◆ TASK DESCRIPTION ◆
Every line between the one containing "Trader Joe's Purple Tote Bag-small" and the last line of the data, both included, is to be set down exactly, and pictures are to be omitted.
————
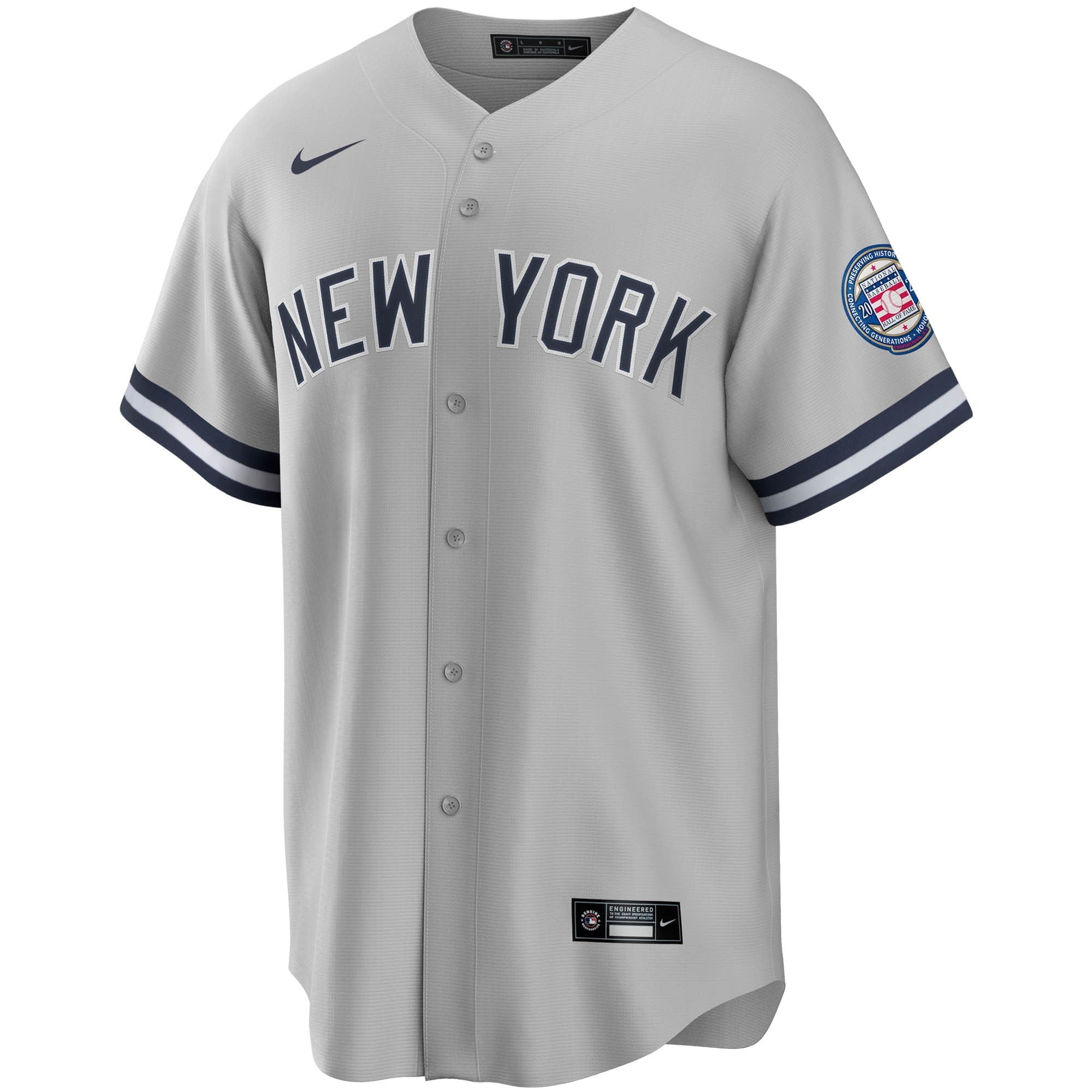 Men's Nike Derek Jeter Gray New York Yankees 2020 Hall of Fame Induction Road Replica Player Name Jersey - vstockx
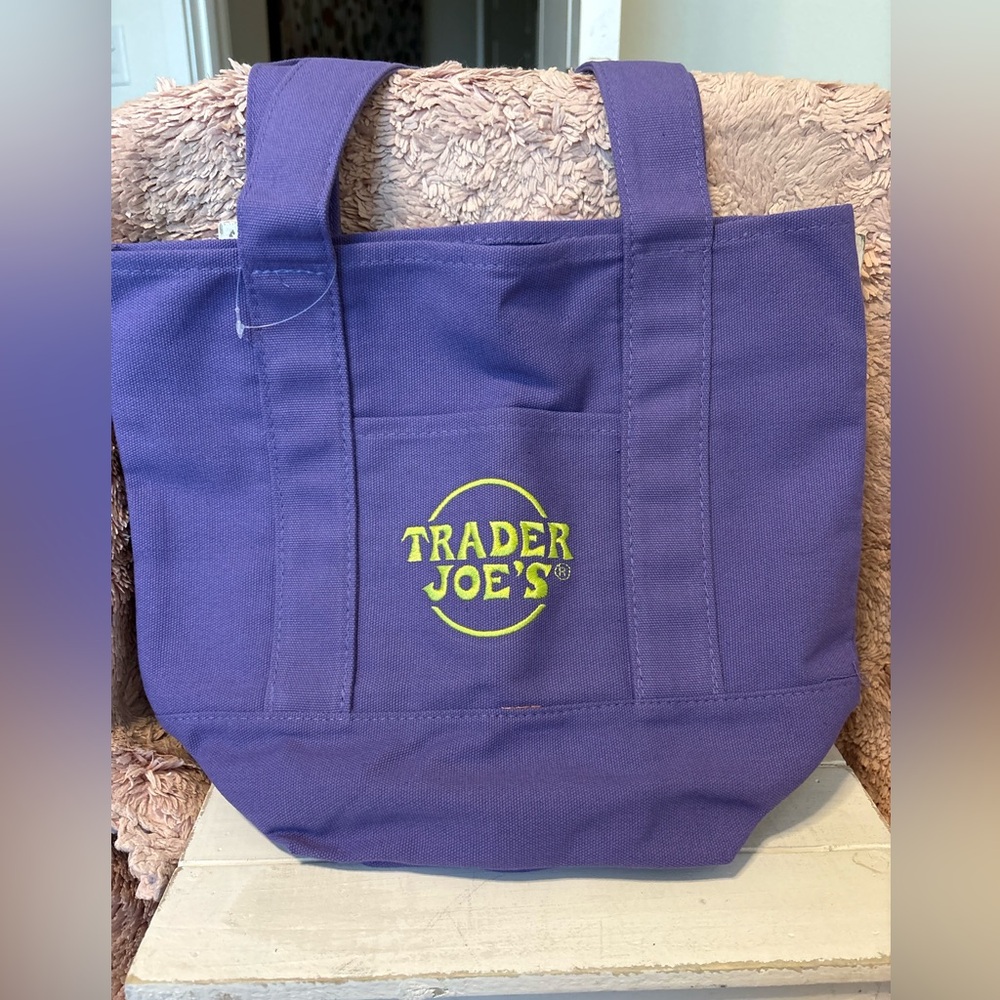 Trader Joe's Purple Tote Bag-small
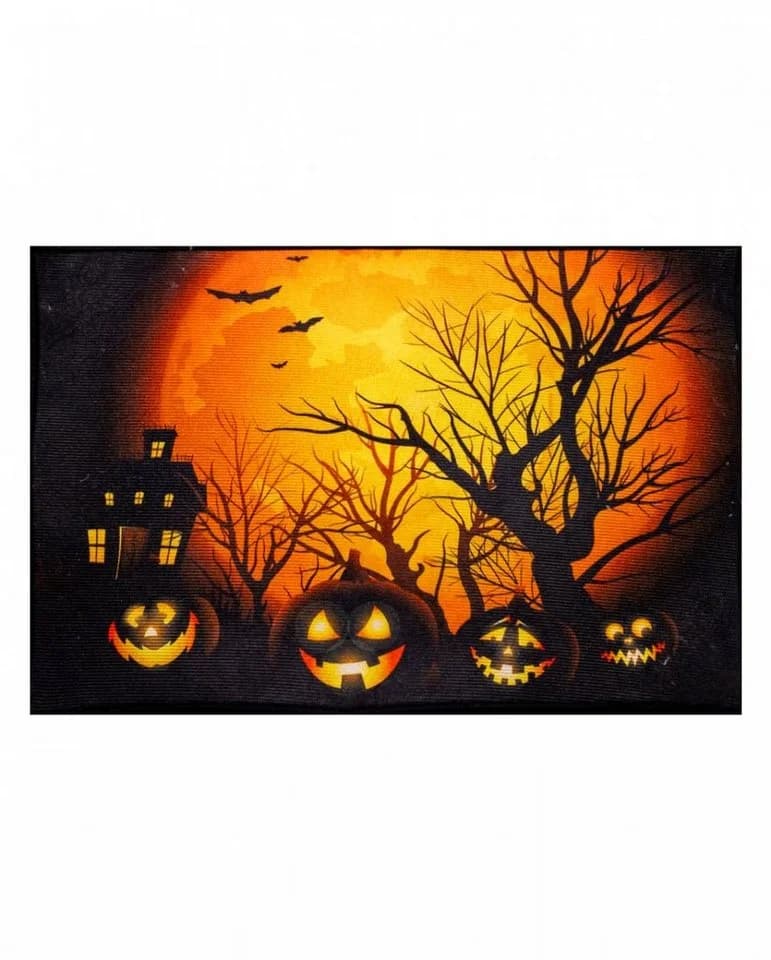Horror-Shop Jack o Lantern Halloween Kürbis Fußmatte - Bild 2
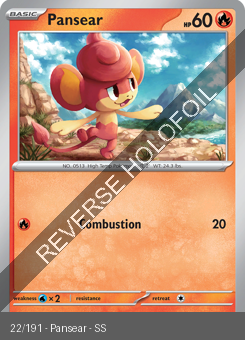 S&V - SSP - 22 - Pansear - COMMON - Reverse Holo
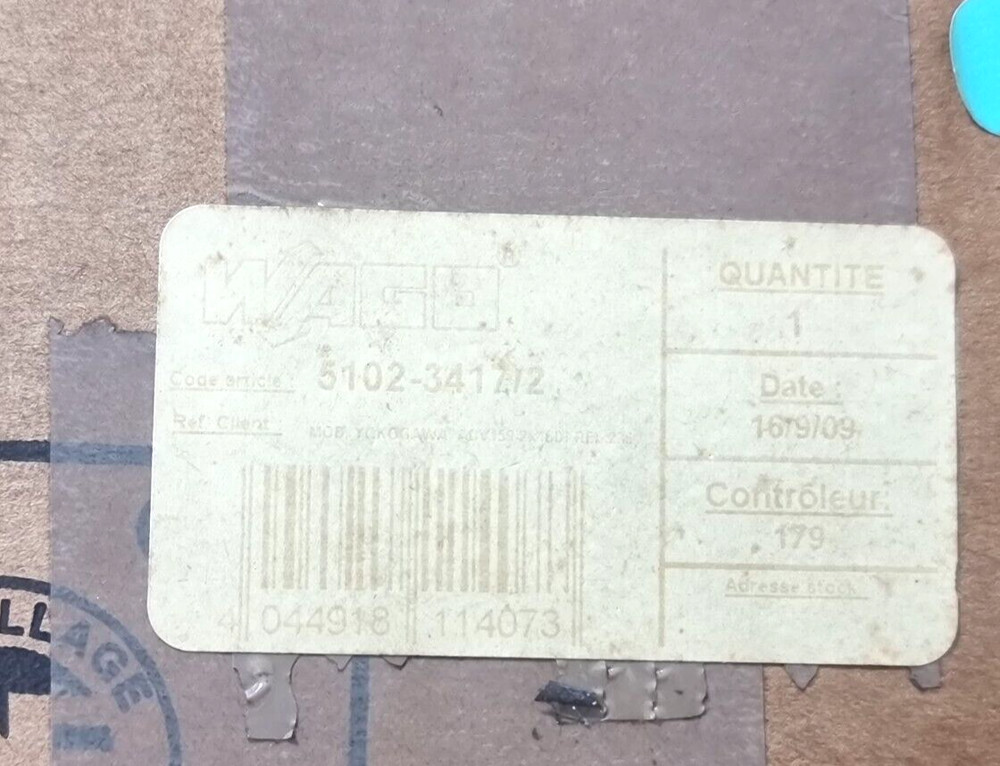 WAGO 5102-3417-2 Interface Board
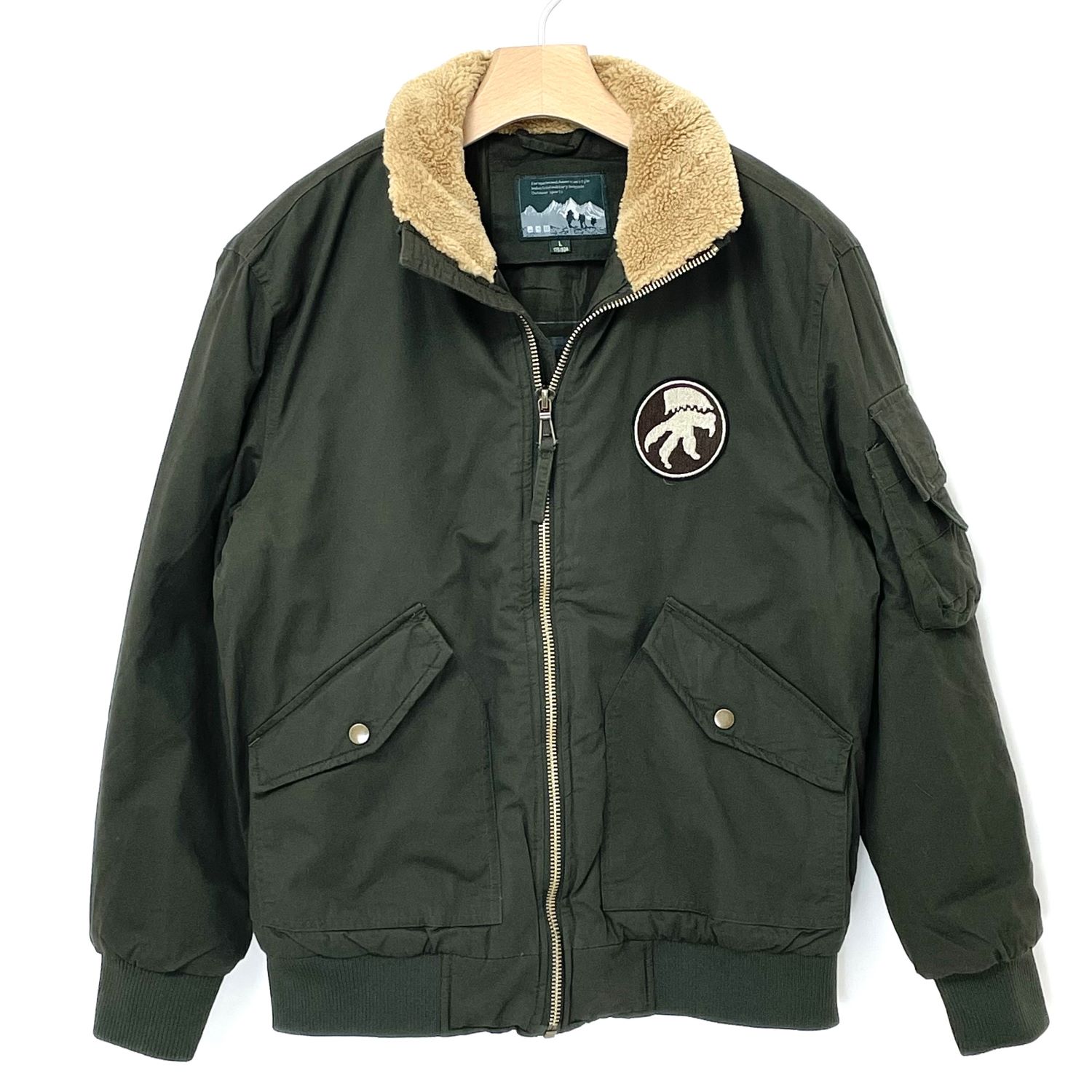 アメリカ復刻版、 AIRFORCE-EAGLE フライトジャケット 新品 AIRFORCE-EAGLE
————
◆ TASK OUTPUT ◆
 Trader Joe's Purple Tote Bag-small
Horror-Shop Jack o Lantern Halloween Kürbis Fußmatte - Bild 2
 S&V - SSP - 22 - Pansear - COMMON - Reverse Holo
 WAGO 5102-3417-2 Interface Board
 アメリカ復刻版、 AIRFORCE-EAGLE フライトジャケット 新品 AIRFORCE-EAGLE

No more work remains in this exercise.